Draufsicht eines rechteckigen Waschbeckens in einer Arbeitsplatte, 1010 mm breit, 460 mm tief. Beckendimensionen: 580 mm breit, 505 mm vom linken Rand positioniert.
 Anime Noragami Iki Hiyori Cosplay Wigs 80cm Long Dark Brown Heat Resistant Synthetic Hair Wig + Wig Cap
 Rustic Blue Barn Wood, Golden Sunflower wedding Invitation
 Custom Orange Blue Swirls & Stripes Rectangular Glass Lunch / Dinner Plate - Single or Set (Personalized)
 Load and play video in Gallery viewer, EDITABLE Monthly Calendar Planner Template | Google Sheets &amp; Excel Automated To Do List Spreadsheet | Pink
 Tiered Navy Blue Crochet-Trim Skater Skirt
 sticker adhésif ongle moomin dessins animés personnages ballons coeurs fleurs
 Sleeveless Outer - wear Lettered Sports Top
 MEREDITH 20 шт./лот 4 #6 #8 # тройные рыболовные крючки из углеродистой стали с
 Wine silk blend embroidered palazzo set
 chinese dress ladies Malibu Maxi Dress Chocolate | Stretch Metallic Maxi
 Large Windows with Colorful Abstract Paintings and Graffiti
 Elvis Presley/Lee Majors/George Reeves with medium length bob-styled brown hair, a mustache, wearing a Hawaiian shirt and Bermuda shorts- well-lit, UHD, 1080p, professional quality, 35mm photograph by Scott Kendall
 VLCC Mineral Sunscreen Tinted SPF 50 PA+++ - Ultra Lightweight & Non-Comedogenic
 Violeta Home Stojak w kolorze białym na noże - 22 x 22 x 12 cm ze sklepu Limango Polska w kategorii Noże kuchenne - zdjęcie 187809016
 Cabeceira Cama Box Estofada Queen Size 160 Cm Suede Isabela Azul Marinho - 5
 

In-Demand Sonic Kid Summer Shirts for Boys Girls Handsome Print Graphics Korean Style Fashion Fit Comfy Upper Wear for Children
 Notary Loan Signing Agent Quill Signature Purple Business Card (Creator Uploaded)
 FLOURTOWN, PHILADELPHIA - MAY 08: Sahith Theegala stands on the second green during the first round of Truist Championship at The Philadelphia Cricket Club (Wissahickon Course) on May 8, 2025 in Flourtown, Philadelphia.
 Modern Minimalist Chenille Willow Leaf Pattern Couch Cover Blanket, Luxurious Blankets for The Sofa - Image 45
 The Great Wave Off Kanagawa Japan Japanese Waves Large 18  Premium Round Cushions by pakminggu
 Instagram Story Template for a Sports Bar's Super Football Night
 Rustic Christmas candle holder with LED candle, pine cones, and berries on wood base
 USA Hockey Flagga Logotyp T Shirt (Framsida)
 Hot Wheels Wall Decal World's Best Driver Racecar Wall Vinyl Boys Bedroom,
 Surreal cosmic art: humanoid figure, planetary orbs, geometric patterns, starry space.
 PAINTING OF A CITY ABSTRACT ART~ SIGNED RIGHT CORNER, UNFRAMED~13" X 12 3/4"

● **Goal of the exercise**:
Could you repeat exactly the lines above from the line with "Cabeceira Cama Box" up to and including the line with "Modern Minimalist Chenille", and only those?

● **Solution to the problem**:
 Cabeceira Cama Box Estofada Queen Size 160 Cm Suede Isabela Azul Marinho - 5
 

In-Demand Sonic Kid Summer Shirts for Boys Girls Handsome Print Graphics Korean Style Fashion Fit Comfy Upper Wear for Children
 Notary Loan Signing Agent Quill Signature Purple Business Card (Creator Uploaded)
 FLOURTOWN, PHILADELPHIA - MAY 08: Sahith Theegala stands on the second green during the first round of Truist Championship at The Philadelphia Cricket Club (Wissahickon Course) on May 8, 2025 in Flourtown, Philadelphia.
 Modern Minimalist Chenille Willow Leaf Pattern Couch Cover Blanket, Luxurious Blankets for The Sofa - Image 45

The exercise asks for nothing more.